Improving Deep Learning by Exploiting Synthetic Images — Part I: Why Tabular Data Needs Spatial Representations

16 minuto de lectura

Actualizado: June 02, 2026

TINTOlib · Synthetic Images · Tabular Data

Improving Deep Learning by Exploiting Synthetic Images

Part I — Why tabular data remains a difficult domain for deep learning, and why representation is the central methodological problem.

Tabular Data Deep Learning Spatial Encoding TINTOlib

Improving deep learning by exploiting synthetic images

Author: Manuel Castillo-Cara, PhD

Affiliation: Dpt. of Artificial Intelligence, Universidad Nacional de Educación a Distancia (UNED), Spain

Role: Researcher, Professor, and TINTOlib Python Library Developer

License: CC BY-NC 4.0 unless otherwise stated.

Video overview

This post is part of a two-part technical summary derived from the conference Improving Deep Learning by Exploiting Synthetic Images, delivered in Peru.

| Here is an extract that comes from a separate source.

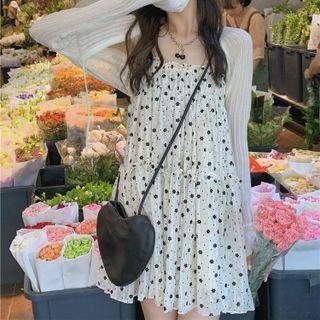 Patterned Camisole Top + Light Cardigan
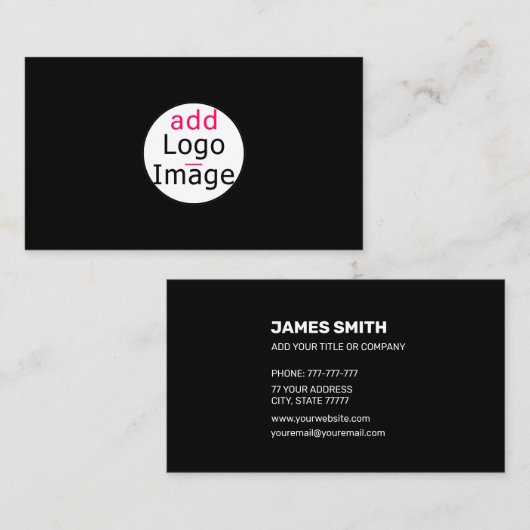 Voeg uw eigen Afbeelding aangepaste extravagant zw Visitekaartje (Voorkant / Achterkant)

The following short video provides an English overview of the main ideas discussed across both posts: why tabular data remains challenging for deep learning, how synthetic images can introduce spatial representations, and how TINTOlib connects structured data with computer vision, hybrid neural networks and explainable AI.

Additional material. The original conference recording is available in Spanish. The two blog posts provide an English technical synthesis and discussion based on that conference.

Open the original conference recording in SharePoint

Introduction: why another post on synthetic images?

Most introductions to deep learning start from domains where the data already have a rich native structure: images, text, audio, video or graphs. In those domains, the input representation is not merely a container of values; it already carries some form of organization. Pixels are arranged in a plane. Words appear in sequences. Audio samples evolve over time. Graphs encode nodes and edges.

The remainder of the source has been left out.